_DATASET EXCERPT_

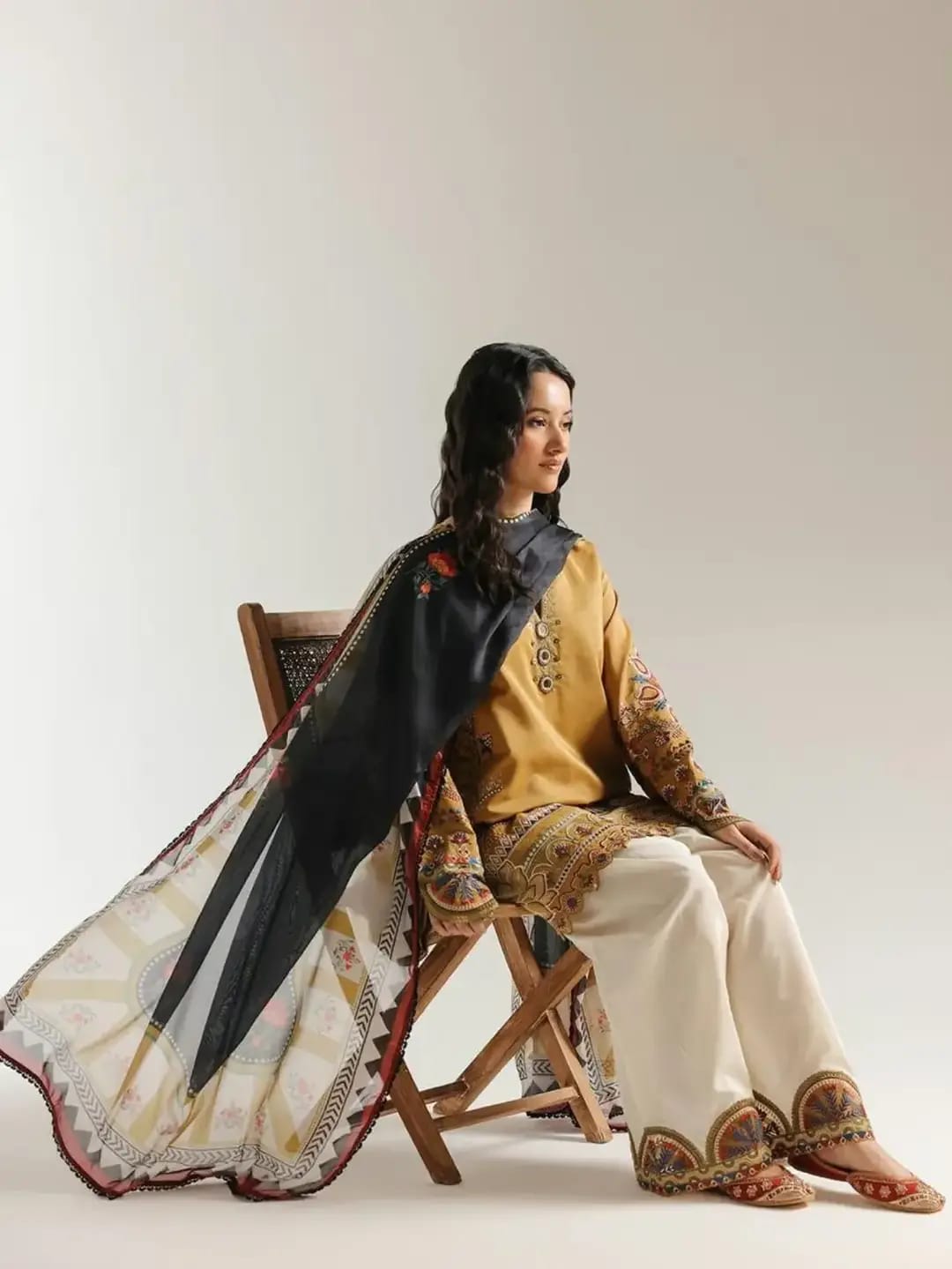 Dhanak 3-Piece Heavy Embroidered Suit Digital Woollen Shawl Embroidered Trouser Unstitched Mustard - view 2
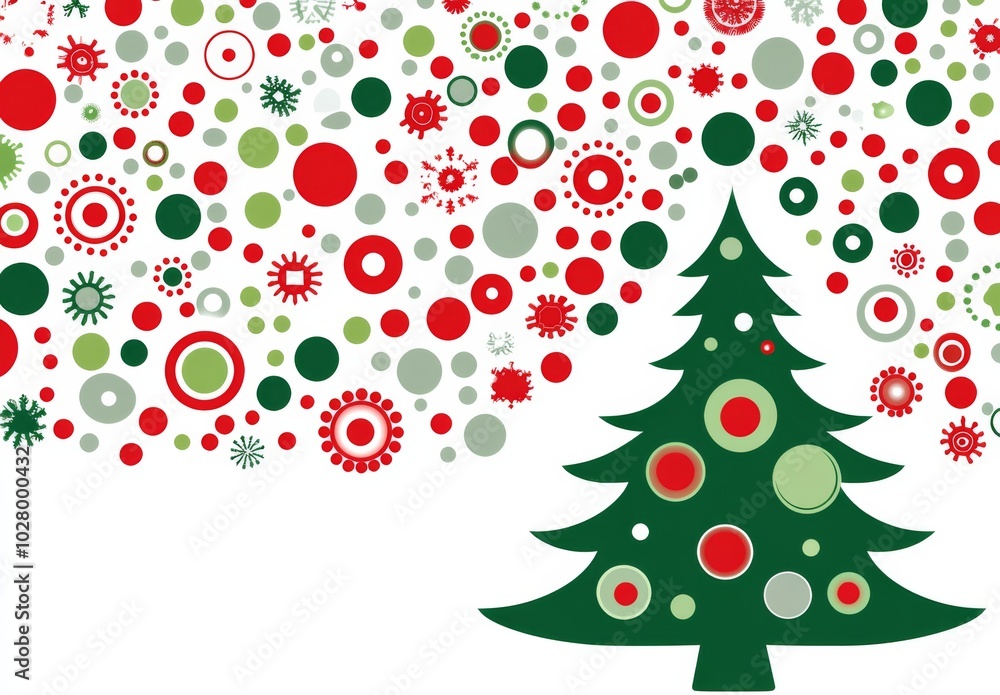 a Christmas Tree Decorated with Green and Red Dots on a Clean White Background.
a Christmas Tree Decorated with Green and Red Dots on a Clean White Background.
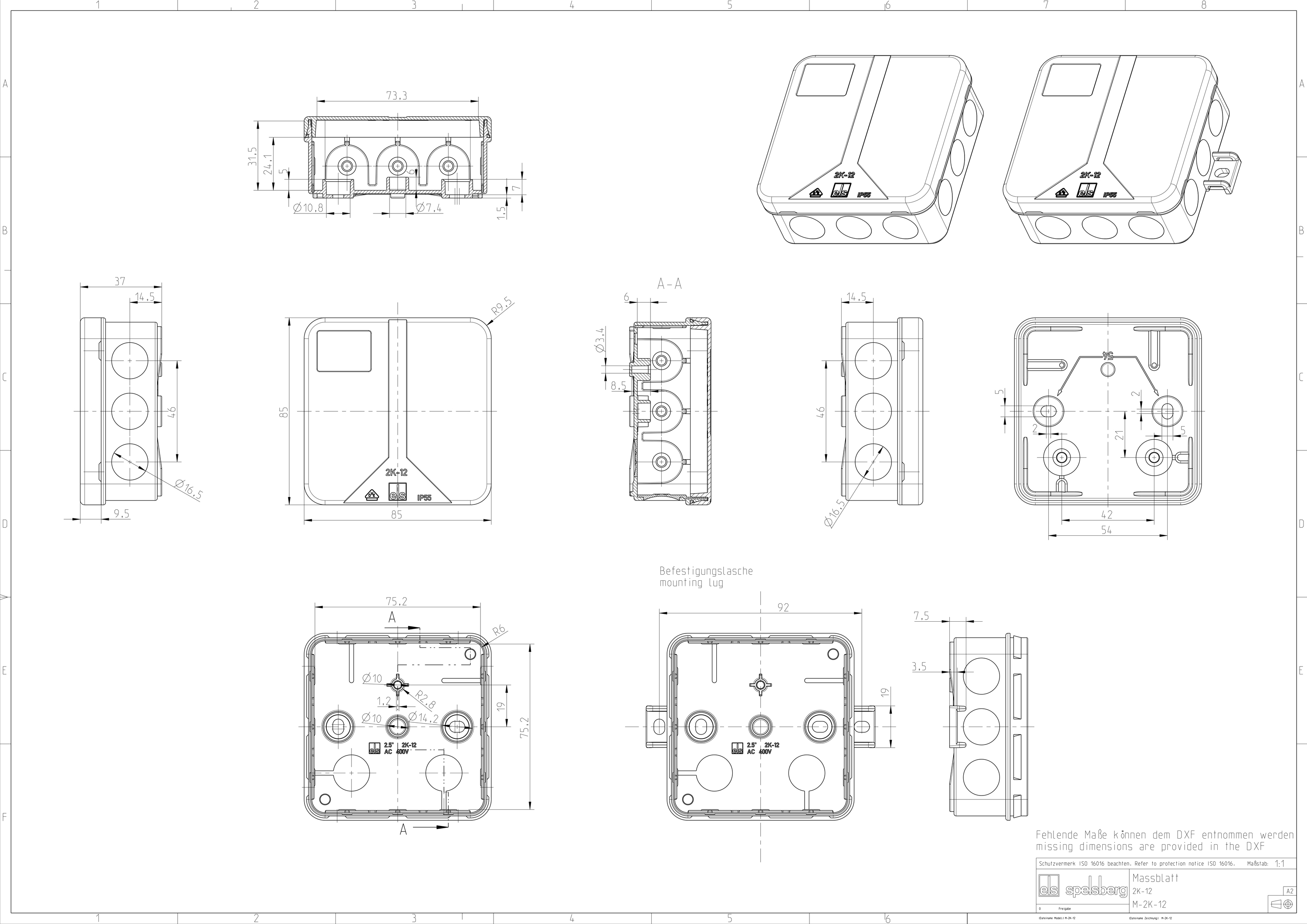 Abzweigdose IP55 2,5qmm 85x85x37mm br Kst Wand/Decke hfr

_WORK REQUEST_
After removing the pictures, transcribe the listing above exactly.

_RESULT_
 Dhanak 3-Piece Heavy Embroidered Suit Digital Woollen Shawl Embroidered Trouser Unstitched Mustard - view 2
 a Christmas Tree Decorated with Green and Red Dots on a Clean White Background.
a Christmas Tree Decorated with Green and Red Dots on a Clean White Background.
 Abzweigdose IP55 2,5qmm 85x85x37mm br Kst Wand/Decke hfr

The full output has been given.